◆ **TASK**
Retype the lines of the material below, exactly and only, from the one containing "Fluffy Cat in Santa Hat" through the last line, with pictures left out.

────────────────────

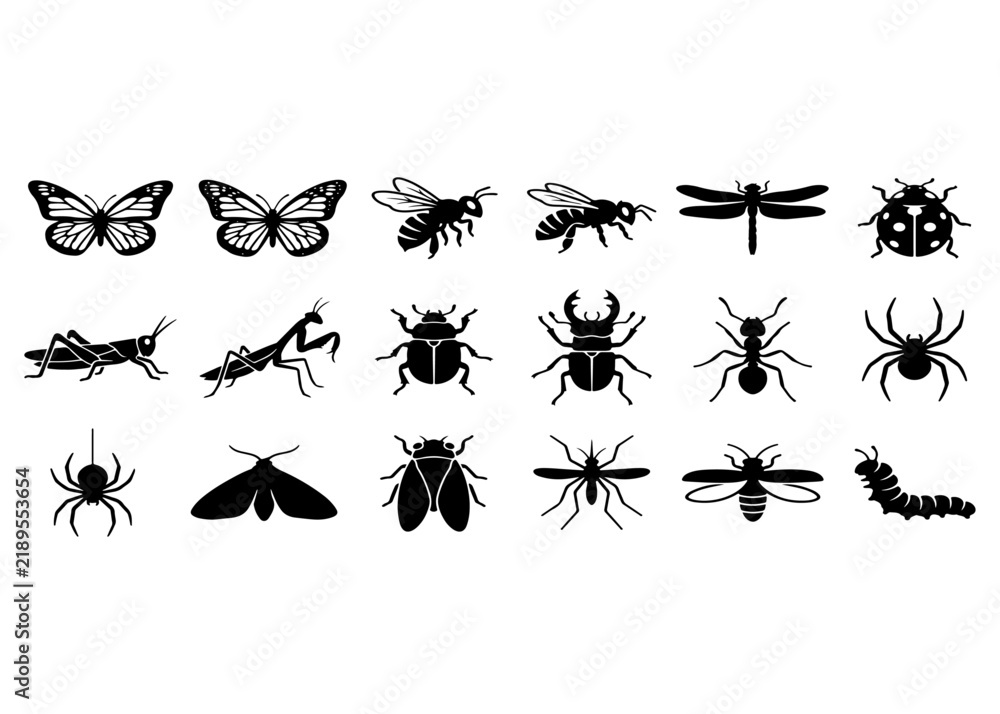 Fototapeta premium Best Selling Black Silhouette Collection of Insects Butterflies Bees Dragonflies Ladybugs Spiders Beetles Nature Wildlife and Decorative Garden Elements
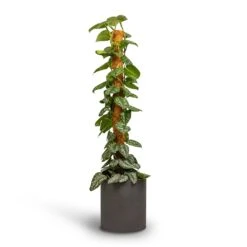 Max Refined Planter - Volcano Black 15 Max Refined Planter - Volcano Black -Indoor Plants Epipremnum Trebie Satin Pothos Trebie Moss Pole 24x120cm Pot Max Refined Planter Volcano Black 29x29.5cm 4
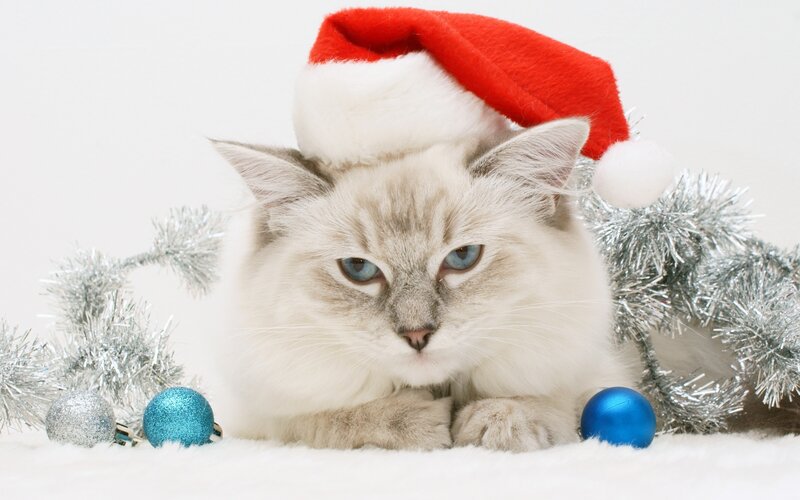 Fluffy Cat in Santa Hat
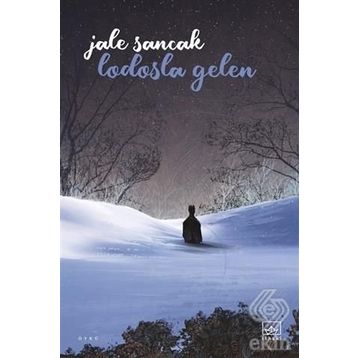 Lodosla Gelen - Jale Sancak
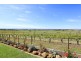 20 Harvest Drive, Mclaren Vale SA 5171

────────────────────

◆ **SOLVED EXERCISE**
 Fluffy Cat in Santa Hat
 Lodosla Gelen - Jale Sancak
 20 Harvest Drive, Mclaren Vale SA 5171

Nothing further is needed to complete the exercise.